Two simple prosperity proposals
Not everything in the newly-released report of the Governor’s Prosperity Council is uncontroversial, or should be, or points specifically to major systemic problems that limit Oregon’s economic growth.
But some do. Two general proposals especially, which may at first sound almost like anodyne boilerplate, seem on reflection like matters of real significance and specific relevance to the way Oregon works, or doesn’t.
And in theory at least, both ought not to be non-controversial because they touch on matters of simple competence and fairness.
Gov. Tina Kotek formed the 15-member council, which includes a number of business leaders around the state, in January to “recommend actionable steps to accelerate Oregon’s economy, create good paying jobs, and recruit and grow Oregon’s businesses.
It didn’t stint on recommendations: The report runs 452 pages. Some of its ideas are very specific, such as those concerning taxes and spending, and some still seem a little more vague, even if numbers are attached (such as a recommendation to reduce regulations by a set percentage, without more specificity on which regulations exactly should be dropped).

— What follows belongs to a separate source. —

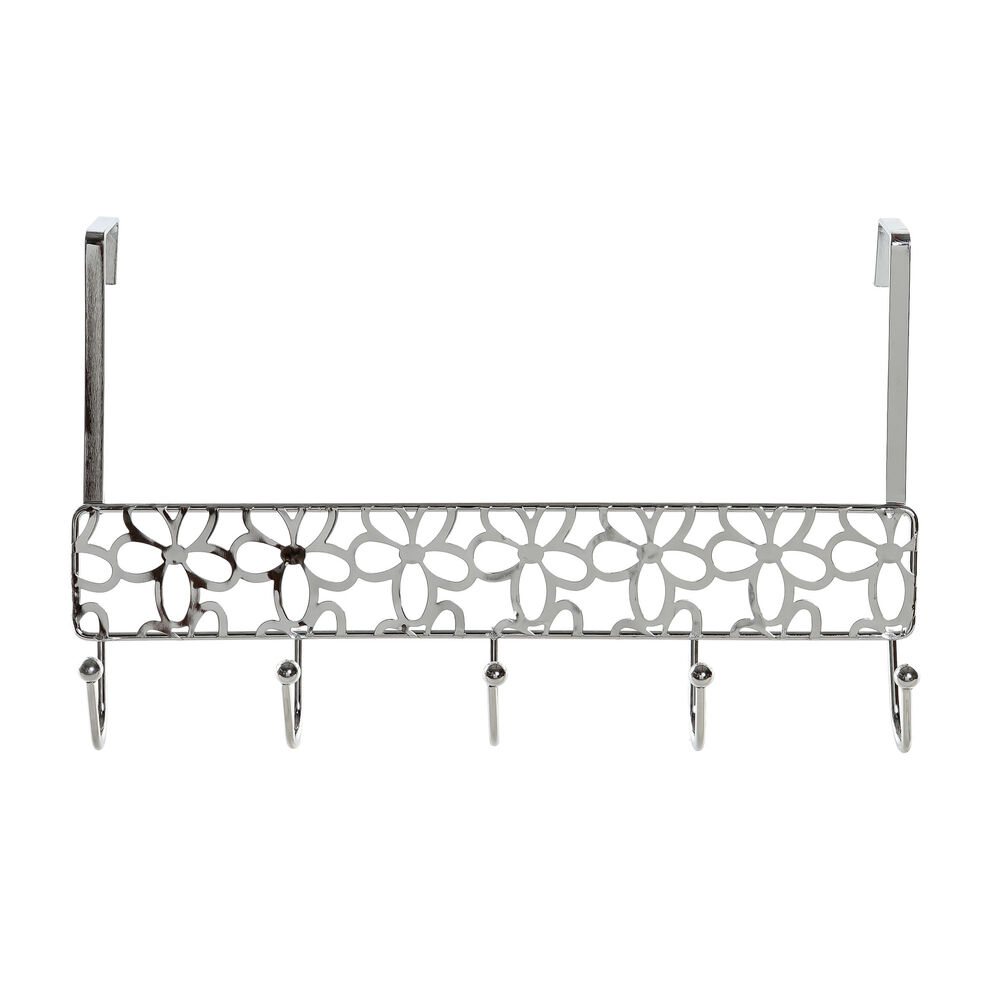 Door Coat Rack DKD Home Decor 32 x 10 x 19 cm Silver Metal Flowers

But at least two ideas have deeper implications for the way things are or should be done in Oregon.
The topline for the first: ”The state should transform Business Oregon [a state economic development organization] into the Oregon Commerce Authority, governed by a board of business and innovation leaders and the Governor …”
Which sounds like: “Great, let’s set up a committee and slap a new name on it.”
Except that’s not what the report was getting at. (The new name would be beside the point.) There’s an underlying problem in Oregon’s economic development system this proposal is designed to address:
“More than 850 organizations make up Oregon’s economic development system, all broadly focused on business growth and job creation. However, consistent collaboration around shared priorities is the exception, not the norm. For businesses of all sizes, this fragmentation can make it difficult to identify a clear entry point, navigate available programs, or receive coordinated support.”
The simple number of 850 economic development organizations in Oregon suggests the issue: Clearly the problem doesn’t involve inadequate resources or effort, but rather the lack of a unified effort. If Oregon’s economic development efforts are that fractured, that incoherent, there should be little argument the system presents a real handicap to economic growth.
The point of the Authority would be to place someone in actual charge, someone setting a consistent approach and message and harnessing the grab-bag of small pieces into a larger, comprehensive effort.
It went on: “The Authority should establish measurable statewide economic development goals and maintain a public-facing dashboard tracking key metrics such as business growth, job creation, project timelines, regional investment, customer response times, and economic competitiveness outcomes to improve transparency and accountability …”
Simple provision of coordination and competence could help quite a bit. It’s not that all those people working in economic development aren’t capable; lots of them surely are. But if they’re not working together, the state isn’t going to get traction from them.
The argument for the second point may be a little less clear cut for some people, but the underlying principle should not be: Justice delayed is justice denied.
This relates to the state’s overall system — not so much its content, but its process — of regulation. The Council said that people commenting on it around the state said much of the statewide regulatory system is “fragmented, lengthy, inconsistent, and costly.”
That assessment probably wouldn’t draw a serious argument broadly around the state, and across a large number of agencies, and it would apply to individuals and non-profits as well, and really almost anyone other than people trying to use the flaws in the cumbersome system to achieve a result not through merit but through wearing down the opposition.
Those too-frequent realities of the system build distrust generally in government systems, and ought to be something advocates of government action would want to address as well.
The proposed solutions involve setting action deadlines and even penalties for unnecessary delays: “The process should prevent projects from being delayed indefinitely and should include accountability measures such as public reporting and partial fee refunds when deadlines are missed.”
The idea is for greater efficiency and timeliness in addressing regulatory issues, not merely as an aspiration but backed up with legal teeth and top-level enforcement. A more rigorous system surely would provide economic benefits, but the positive implications would ripple beyond that.
These are things a governor and Legislature should be able easily to do. They seem clear and obvious enough, and the benefits seem direct enough if the rules are strong enough and they are enforced from the top down.